• EXERCISE BRIEF
Stop after the line containing "Thinkbox Hot Topics - Televisions"; retype every line of the data before it exactly, starting from the first.

• STUDY MATERIAL
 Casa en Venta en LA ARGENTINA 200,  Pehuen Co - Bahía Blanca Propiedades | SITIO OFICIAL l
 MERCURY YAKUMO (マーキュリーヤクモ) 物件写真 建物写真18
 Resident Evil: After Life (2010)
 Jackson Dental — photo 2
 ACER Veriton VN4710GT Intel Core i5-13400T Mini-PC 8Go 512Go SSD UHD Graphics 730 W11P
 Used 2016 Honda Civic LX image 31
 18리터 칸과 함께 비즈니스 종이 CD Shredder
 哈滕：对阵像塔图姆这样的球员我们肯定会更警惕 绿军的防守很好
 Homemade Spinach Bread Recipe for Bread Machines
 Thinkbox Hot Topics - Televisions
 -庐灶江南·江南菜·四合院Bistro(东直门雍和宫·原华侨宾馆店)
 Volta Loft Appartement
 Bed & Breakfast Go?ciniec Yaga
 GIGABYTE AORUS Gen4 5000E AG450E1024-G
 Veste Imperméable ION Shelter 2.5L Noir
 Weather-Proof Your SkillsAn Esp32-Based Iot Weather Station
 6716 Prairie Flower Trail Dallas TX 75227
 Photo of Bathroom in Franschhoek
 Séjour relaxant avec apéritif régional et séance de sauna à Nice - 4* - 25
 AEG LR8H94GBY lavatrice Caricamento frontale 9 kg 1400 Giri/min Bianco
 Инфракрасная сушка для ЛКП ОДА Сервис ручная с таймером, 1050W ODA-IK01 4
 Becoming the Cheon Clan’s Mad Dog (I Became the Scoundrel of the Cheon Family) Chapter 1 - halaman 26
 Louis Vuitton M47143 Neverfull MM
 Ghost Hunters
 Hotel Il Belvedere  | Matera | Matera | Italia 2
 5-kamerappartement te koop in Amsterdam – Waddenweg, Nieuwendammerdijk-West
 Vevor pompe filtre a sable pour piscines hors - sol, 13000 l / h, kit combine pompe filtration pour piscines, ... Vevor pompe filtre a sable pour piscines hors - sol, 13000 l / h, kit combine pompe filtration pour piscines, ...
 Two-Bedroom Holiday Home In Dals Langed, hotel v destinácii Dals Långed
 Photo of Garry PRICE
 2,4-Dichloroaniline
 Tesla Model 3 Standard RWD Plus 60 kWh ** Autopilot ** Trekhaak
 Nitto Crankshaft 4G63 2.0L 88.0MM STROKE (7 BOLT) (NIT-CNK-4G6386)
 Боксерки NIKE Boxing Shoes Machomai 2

• OUTPUT OF THE TASK
 Casa en Venta en LA ARGENTINA 200,  Pehuen Co - Bahía Blanca Propiedades | SITIO OFICIAL l
 MERCURY YAKUMO (マーキュリーヤクモ) 物件写真 建物写真18
 Resident Evil: After Life (2010)
 Jackson Dental — photo 2
 ACER Veriton VN4710GT Intel Core i5-13400T Mini-PC 8Go 512Go SSD UHD Graphics 730 W11P
 Used 2016 Honda Civic LX image 31
 18리터 칸과 함께 비즈니스 종이 CD Shredder
 哈滕：对阵像塔图姆这样的球员我们肯定会更警惕 绿军的防守很好
 Homemade Spinach Bread Recipe for Bread Machines
 Thinkbox Hot Topics - Televisions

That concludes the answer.